ブラジルのカトリック教会にしばしば、片手に幼きイエス、片手に生首を抱えた聖母像がまつられている。 僕は見るたびにぎょっとするが、これである。
調べてみると、スペインのアンダルシア地方から広まった信仰の由。 細かくいくつもの資料を参照しないで、ごくかいつまんで記してみよう。
西暦1227年、アンダルシアの「頭の峰」と呼ばれるあたりが輝くのを戦争で片腕を失った退役軍人の牧童ホアンが目撃。 そこには隠された聖母像があった。 彼はそこに御堂をつくるようにというお告げを受ける。 しかし誰が彼のいうことを信用できるだろうか、という疑問にこたえるように、彼の亡くなった片腕が蘇生したという。 この話にさらに、斬首刑を宣告された人が刑を免れたという話も習合していく。 このエピソードの習合がないと、この聖母が生首を抱えている意味がわからないというもの。
いまや「頭の聖母」は肉体としての頭部のみならず精神的な問題にも霊験のある聖母として信仰を集めている。
サンパウロのダウンタウンにある聖ルチアのチャペルでの記念のミサへ。 今日は平日だが一日に6回のミサがたてられる。 昼12時のミサへ…
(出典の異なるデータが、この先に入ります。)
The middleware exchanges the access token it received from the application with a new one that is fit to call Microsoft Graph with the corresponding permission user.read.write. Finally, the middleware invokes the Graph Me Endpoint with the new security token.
うわ、時間前だが堂内は立っていられる場所を見つけるのもむずかしい状態。 階上への扉が解放されて、僕は上にあがる。
ミサ中もどんどん人々がやってきて、神父がミサを中断して祭壇の横に椅子があるからと誘導するのが印象に残った。
ミサをたてる側に「もてなし」のこころがあるのはうれしいこと。
帰りに、ふたたびレンブラント展を鑑賞。